We went to bed early that first night so we'd be at our best for the climb. Not for us the camaraderie and carousing of some of the others who were planning assaults on the ridge and Sgurr Alasdair in the morning.The weather forecast wasn't great so we wanted to be up and gone early. We'd already decided to set off while it was still dark.That's the trouble with winter climbing in the north - your days are so short and the best climbs often involve a long walk in and out again.
We parked beside the Glen Brittle mountain rescue post. We were excited about the day ahead of us; it never occurred to me that we might end up needing the services of that very mountain rescue team. We had headlamps on, and even under the thin crust of snow there was no possibility of missing the start of the footpath, a wide depression running along the side of sheep pens. We could hear the rushing water of the Allt Coire na Banachdich, and before long we reached the wooden bridge that crosses the stream, which was a black-and-white torrent in the dawn light.

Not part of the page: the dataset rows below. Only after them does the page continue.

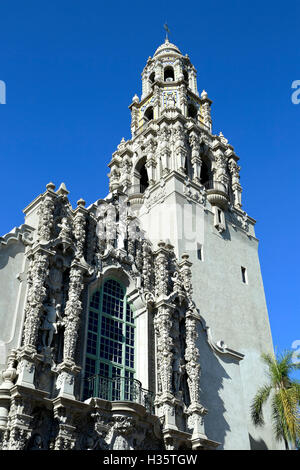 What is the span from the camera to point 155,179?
35.5m

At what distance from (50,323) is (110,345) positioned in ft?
12.4

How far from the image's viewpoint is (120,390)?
71.2 feet

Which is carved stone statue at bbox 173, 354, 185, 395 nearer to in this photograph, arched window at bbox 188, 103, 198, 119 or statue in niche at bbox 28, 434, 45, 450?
statue in niche at bbox 28, 434, 45, 450

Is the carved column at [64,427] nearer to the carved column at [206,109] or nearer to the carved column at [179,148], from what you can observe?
the carved column at [179,148]

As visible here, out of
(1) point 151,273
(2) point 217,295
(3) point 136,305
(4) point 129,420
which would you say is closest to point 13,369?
(4) point 129,420

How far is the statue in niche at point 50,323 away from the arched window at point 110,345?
224cm

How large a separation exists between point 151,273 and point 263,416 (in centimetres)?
1023

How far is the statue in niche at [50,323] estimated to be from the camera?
20188 millimetres

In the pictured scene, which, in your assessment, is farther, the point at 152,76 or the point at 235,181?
the point at 152,76

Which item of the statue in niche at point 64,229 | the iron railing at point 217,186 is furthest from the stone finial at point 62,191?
the iron railing at point 217,186

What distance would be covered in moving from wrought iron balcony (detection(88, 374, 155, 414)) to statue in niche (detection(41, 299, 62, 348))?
2425mm

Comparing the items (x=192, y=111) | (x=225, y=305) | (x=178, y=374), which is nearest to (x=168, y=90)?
(x=192, y=111)

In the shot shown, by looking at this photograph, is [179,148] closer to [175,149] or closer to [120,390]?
[175,149]

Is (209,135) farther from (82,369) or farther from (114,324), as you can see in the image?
(82,369) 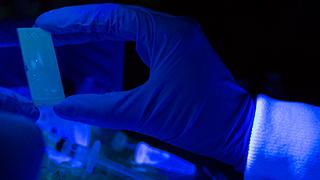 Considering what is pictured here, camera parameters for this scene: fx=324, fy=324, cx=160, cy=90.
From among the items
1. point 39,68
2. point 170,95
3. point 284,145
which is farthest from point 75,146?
point 284,145

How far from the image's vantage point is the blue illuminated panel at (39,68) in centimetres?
94

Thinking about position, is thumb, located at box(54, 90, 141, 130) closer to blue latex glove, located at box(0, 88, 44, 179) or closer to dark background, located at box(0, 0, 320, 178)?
blue latex glove, located at box(0, 88, 44, 179)

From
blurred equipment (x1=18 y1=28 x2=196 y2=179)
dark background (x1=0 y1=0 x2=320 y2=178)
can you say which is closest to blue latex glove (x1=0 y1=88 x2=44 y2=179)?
blurred equipment (x1=18 y1=28 x2=196 y2=179)

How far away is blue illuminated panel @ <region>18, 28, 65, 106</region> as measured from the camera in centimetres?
94

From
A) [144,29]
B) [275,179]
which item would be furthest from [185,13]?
[275,179]

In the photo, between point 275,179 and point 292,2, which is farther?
point 292,2

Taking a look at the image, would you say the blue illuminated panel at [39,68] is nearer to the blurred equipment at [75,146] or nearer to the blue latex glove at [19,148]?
the blurred equipment at [75,146]

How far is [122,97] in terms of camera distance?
2.80 feet

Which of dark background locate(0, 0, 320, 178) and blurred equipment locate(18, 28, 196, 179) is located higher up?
dark background locate(0, 0, 320, 178)

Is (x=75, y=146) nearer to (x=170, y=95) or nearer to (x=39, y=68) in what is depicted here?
(x=39, y=68)

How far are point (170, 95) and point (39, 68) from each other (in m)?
0.40

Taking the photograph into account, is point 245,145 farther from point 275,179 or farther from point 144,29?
point 144,29

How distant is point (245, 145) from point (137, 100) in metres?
0.34

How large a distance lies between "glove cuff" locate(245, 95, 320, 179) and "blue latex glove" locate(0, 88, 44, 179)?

I wished we'd been able to leave later, because it was still too dark to appreciate the grandeur of the Eas Mor waterfalls tumbling down into the gorge. I remembered the guidebook I'd bought the first time I visited Skye. 'On Skye,' it announced, 'it rains 323 days out of 365. Never mind. Think how lovely it makes the waterfalls.' Kathy wasn't impressed, not least because the occasional flurry of sleet was buffeting us in the face as we carried on up the rough path, past impressive buttresses and gullies that looked as challenging as anything I'd ever climbed. By the time it was fully light, we were surrounded by astonishing views - great crags, sensational shapes and contours, a jagged skyline, all streaked white with snow and glittering with ice.